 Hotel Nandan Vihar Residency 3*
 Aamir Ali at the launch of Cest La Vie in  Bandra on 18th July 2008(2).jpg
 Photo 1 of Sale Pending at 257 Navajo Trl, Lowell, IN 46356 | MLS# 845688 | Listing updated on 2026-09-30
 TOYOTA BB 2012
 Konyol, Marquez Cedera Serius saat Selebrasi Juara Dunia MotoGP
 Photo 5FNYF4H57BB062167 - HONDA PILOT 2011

---

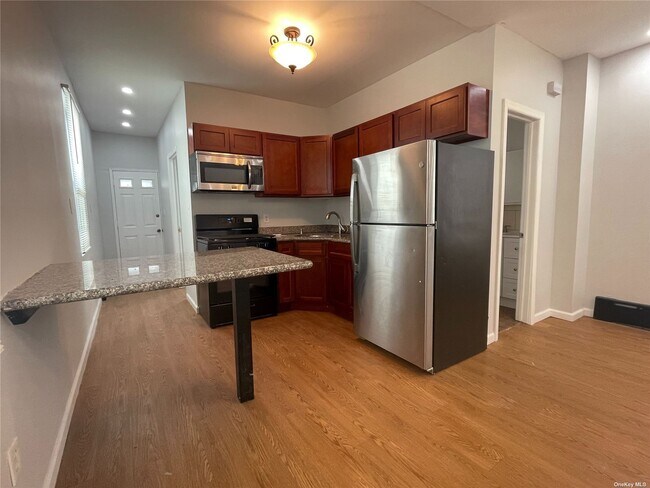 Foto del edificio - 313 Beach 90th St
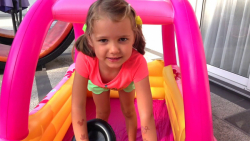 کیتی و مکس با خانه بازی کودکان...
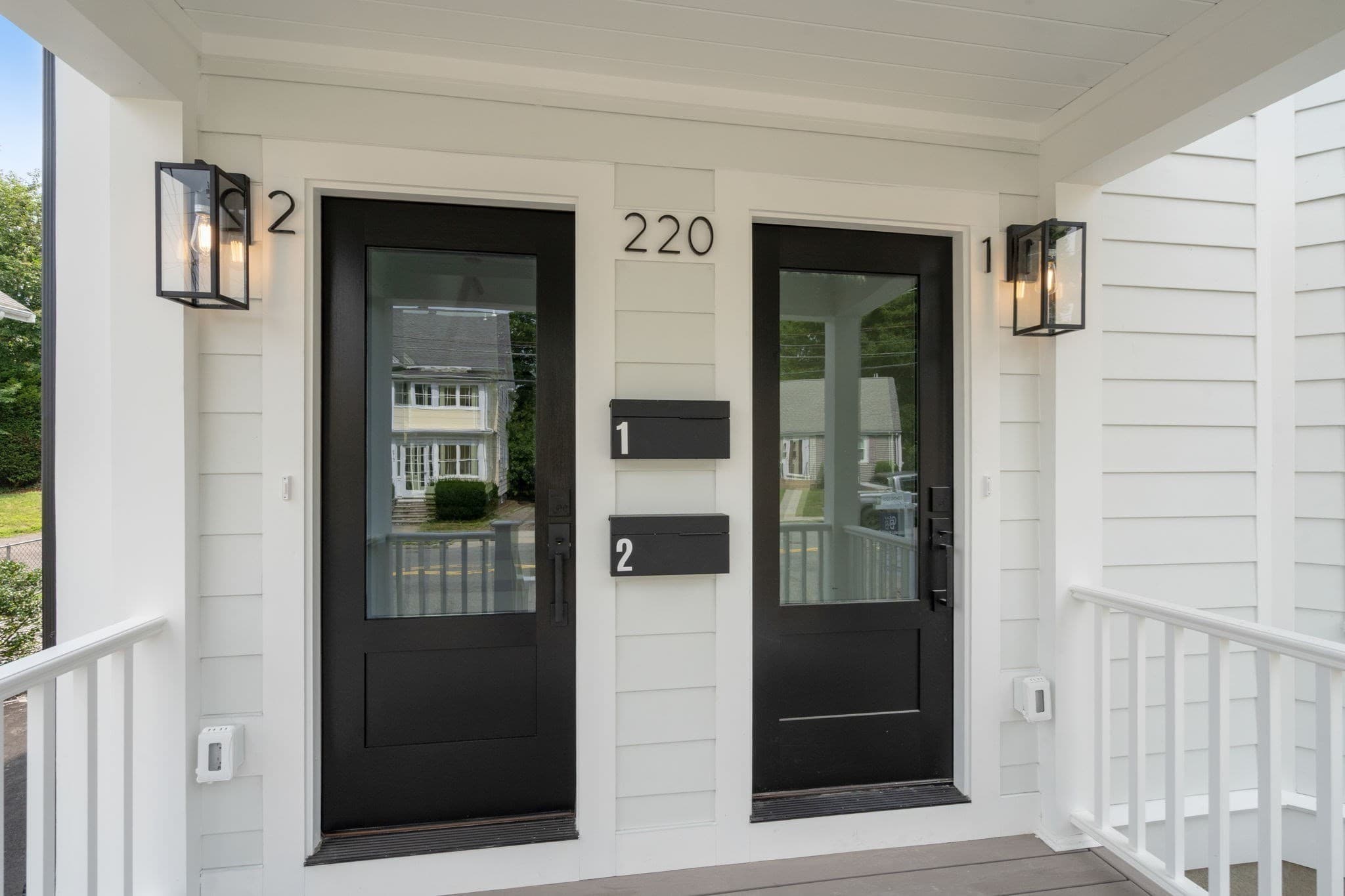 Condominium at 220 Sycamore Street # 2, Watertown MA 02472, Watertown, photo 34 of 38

What is required. Give back, exactly as written, the stretch from the line with "TOYOTA BB 2012" through the line with "Photo 5FNYF4H57BB062167 - HONDA PILOT 2011", and no other lines from the records above.

Problem solution.
 TOYOTA BB 2012
 Konyol, Marquez Cedera Serius saat Selebrasi Juara Dunia MotoGP
 Photo 5FNYF4H57BB062167 - HONDA PILOT 2011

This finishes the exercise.